Israeli President Isaac Herzog also was deeply troubled by the ICJ’s review of Israel. “The very fact that the hearing at the court in The Hague was held on the eve of International Holocaust Memorial Day, to judge whether the democratic, moral, and responsible State of Israel, which rose from the ashes of the Holocaust with the overwhelming support of the family of nations and its institutions was guilty of committing genocide, is a blood libel that undermines the very values on which this court was established,” said Herzog on Sunday in comments published by his office.

While the Hague took into consideration the South African case against Israel, it chose not to accept all of South Africa’s positions in their request for provisionary measures as the overall case is being reviewed—which included an immediate ceasefire. Instead, the ICJ called upon Israel to “take all measures within its power to prevent” acts of genocide against Palestinians in Gaza enable the provision of humanitarian aid to Gazans, among other orders, which were published to the ICJ’s website. The order concludes with a demand for Israel to report back on these matters in a month.

Herzog, in his comments, underscored that Israel does not view innocents in Gaza as military targets, and contrasted that with Hamas’ actions against their own people.

“To be clear: The State of Israel sees great importance in the humanitarian aspect of the campaign. Israel is committed to this, and operates, as it has always operated and will operate, in accordance with international law,” said Herzog. “…Hamas is also responsible for the suffering of their own people. Often quite directly—when they threaten their lives, forcefully taking humanitarian aid facilitate by Israel, and using them as a human shield.”
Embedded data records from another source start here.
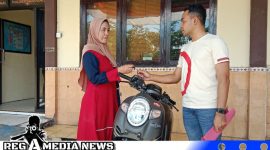 Caption: Kanit IV Tipiter Satreskrim Polres Sampang saat mengembalikan barang bukti curanmor kepada pemiliknya, (dok. regamedianews). 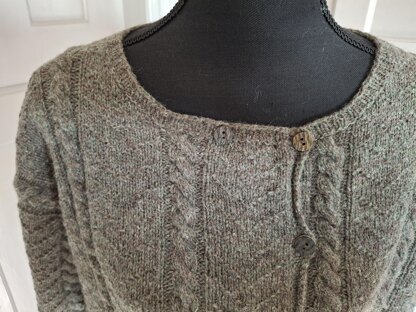 SKELBO, cardigan in Shetland wool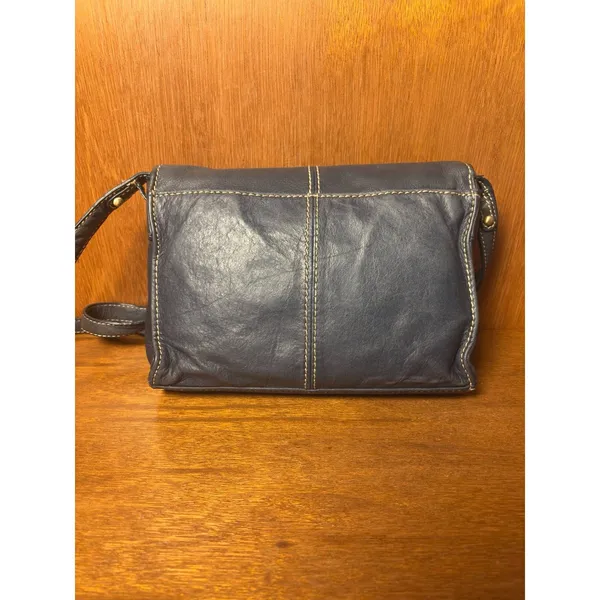 Coldwater Creek Dusty Blue Leather Flap Crossbody Bag Soft Pebbled Adjustable Strap - Image 7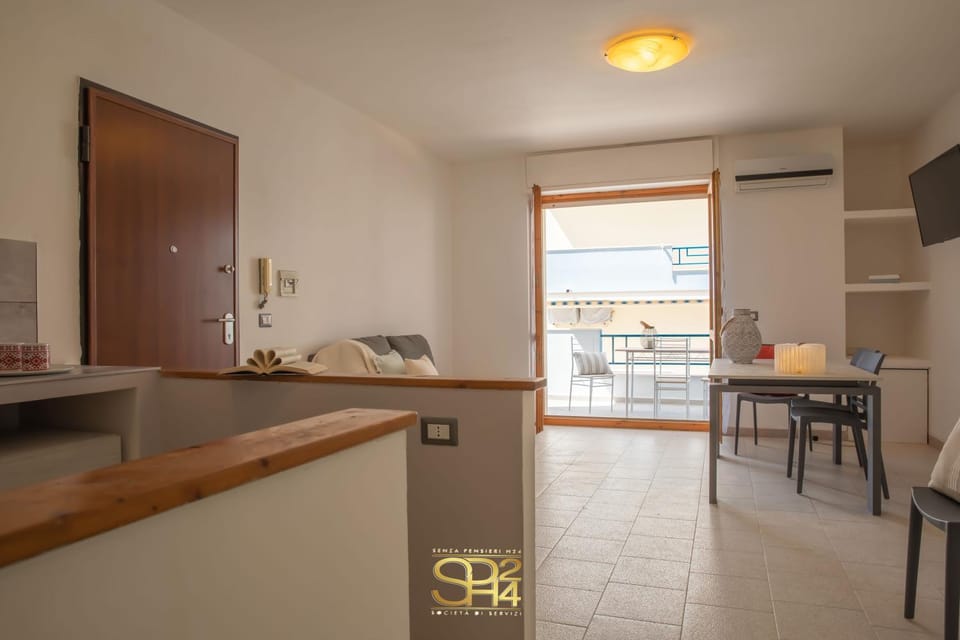 TV and multimedia, Kitchen or kitchenette, Dining area, air conditioner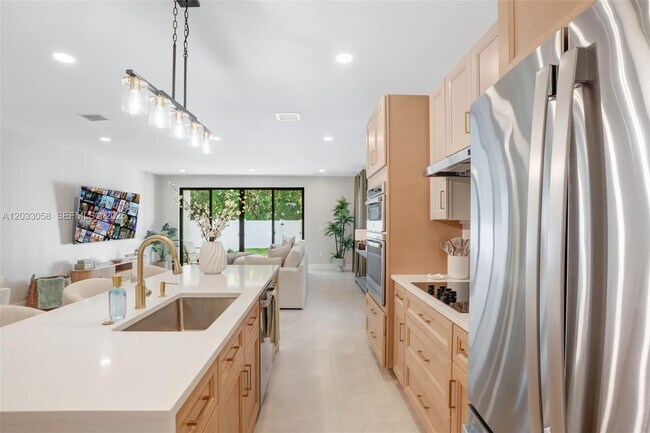 Foto del edificio - 701 SW 17th St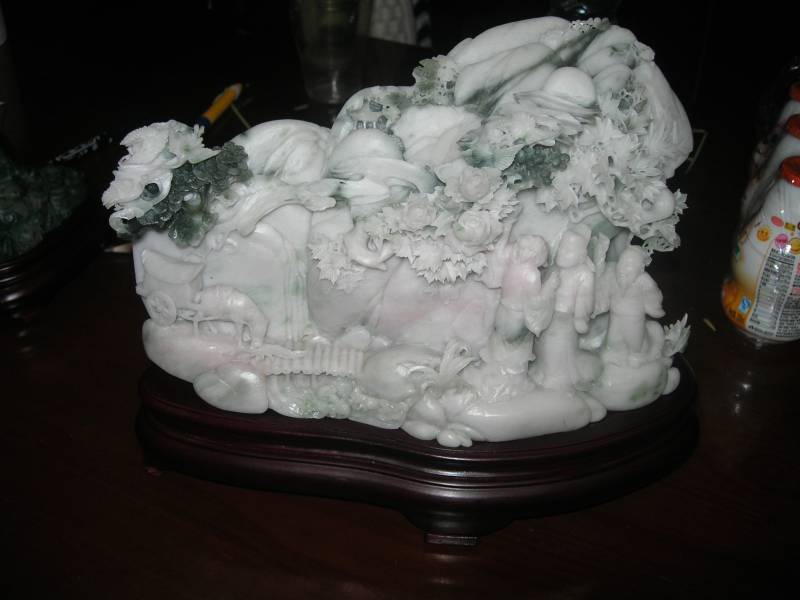 jade sculpture carving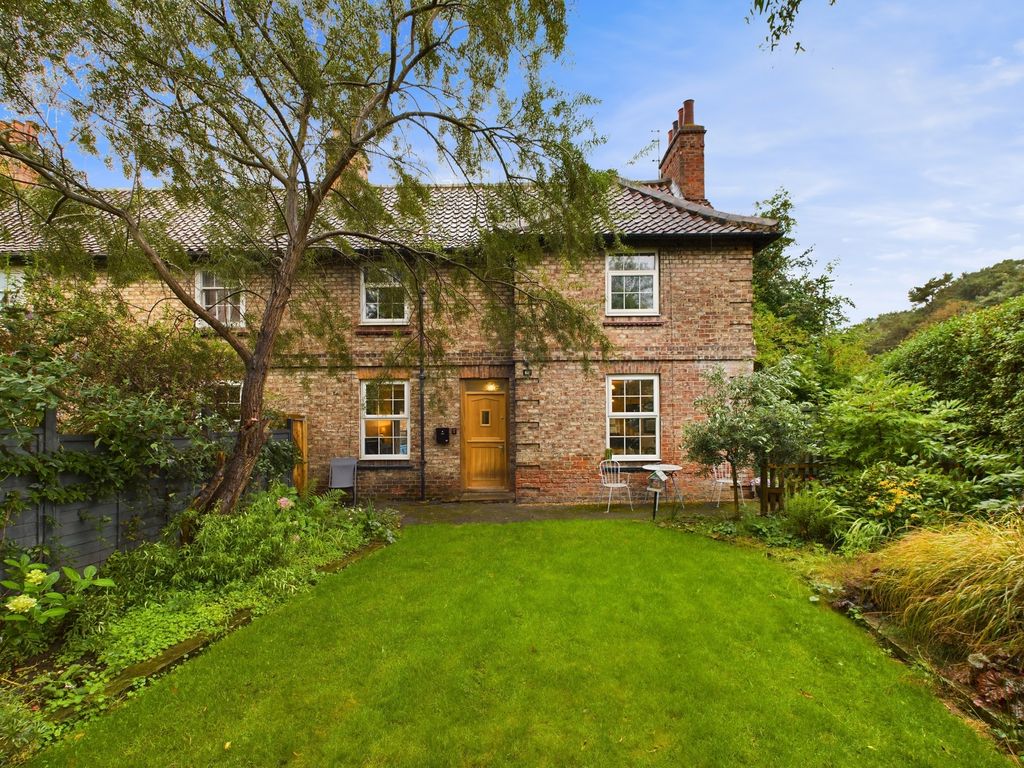 3 bed end terrace house for sale in Shipton Road, York YO30, £495,000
The Israeli President reminded the world that regarding Israel, Hamas “didn’t just declare their desire to wipe from face of the earth, but actually set out on a brutal massacre to destroy—and is still working hard to do so.” He said that Israel’s “full right to self-defense” is a “right anchored in the most essential foundations of international law, and in general, everyone with sense can see that Israel is acting in accordance with international law.”

As for Israel’s right to self-defense, that was a key lesson that the Jewish people learned from the Holocaust. “The main lesson of the Holocaust is that only we will defend ourselves by ourselves. Nobody will do this for us,” said Netanyahu. “…The state of the Jews arose from the ashes of the Holocaust in order to promise a defensive shield for the Jewish people. Israel, like every sovereign country, has the basic right to defend itself. Nobody will take this right from us and nobody will stop us from implementing it.”

The main message repeated about the Holocaust is “Never Again.” Netanyahu has the same goal for October 7. “If we do not eliminate the Hamas terrorists, these ‘new Nazis’, the next massacre is only a matter of time,” he said. “Therefore, we are determined to finish the task, to eliminate Hamas. And if it takes time, we will not relent in the mission.”